Die harte Unterscheidung in Nützliches und Unnützes anhand von kurzfristigen ökonomischen Kriterien trifft aber auch die Naturwissenschaften. (Überhaupt die harte Distinktion zwischen Natur- und Geisteswissenschaftlern wäre m.E. zu überdenken. Sed adhuc hactenus.) Ein theoretischer Mathematiker hat es jedenfalls schwerer, seinen Interessen nachzugehen, als ein angewandter.
Wir wollen wissen, was wir brauchen werden. Wir sind auf effizientes Lernen ausgelegt. Doch was man als Einzelner oder als Gesellschaft braucht, kann man nur im Voraus festlegen, wenn man den Ausgang schon im Voraus festlegt.

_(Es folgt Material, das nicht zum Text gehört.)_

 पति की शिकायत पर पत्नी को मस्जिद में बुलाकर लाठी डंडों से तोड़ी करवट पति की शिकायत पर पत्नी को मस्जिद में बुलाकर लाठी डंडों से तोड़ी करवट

Um einen jungen Menschen nur durch nützliche Kompetenzen zu füttern, Kompetenzen also, die er eins-zu-eins in einer beruflichen Tätigkeit gebrauchen wird, muss man diese Endaktivität im Voraus festlegen. Wenn wir uns aufs Nützliche beschränken, büßen wir als Individuen an Freiheit ein.
Als Gesellschaft wiederum müssen wir uns darüber im Klaren sein, dass ganz viele äußerst nützliche Erfindungen – wie etwa der Strom – aus teilweise Jahrhunderten rein theoretischen, völlig unnützen Studien hervorgegangen sind! Wenn wir uns aufs Nützliche beschränken, büßen wir als Gesellschaft an Fortschritt ein.
So gesehen stehen wir vor den Toren eines neuen Mittelalters. Oder sind wir schon mittendrin? Ich möchte manchmal nur den Kopf in einen leeren Eimer stecken.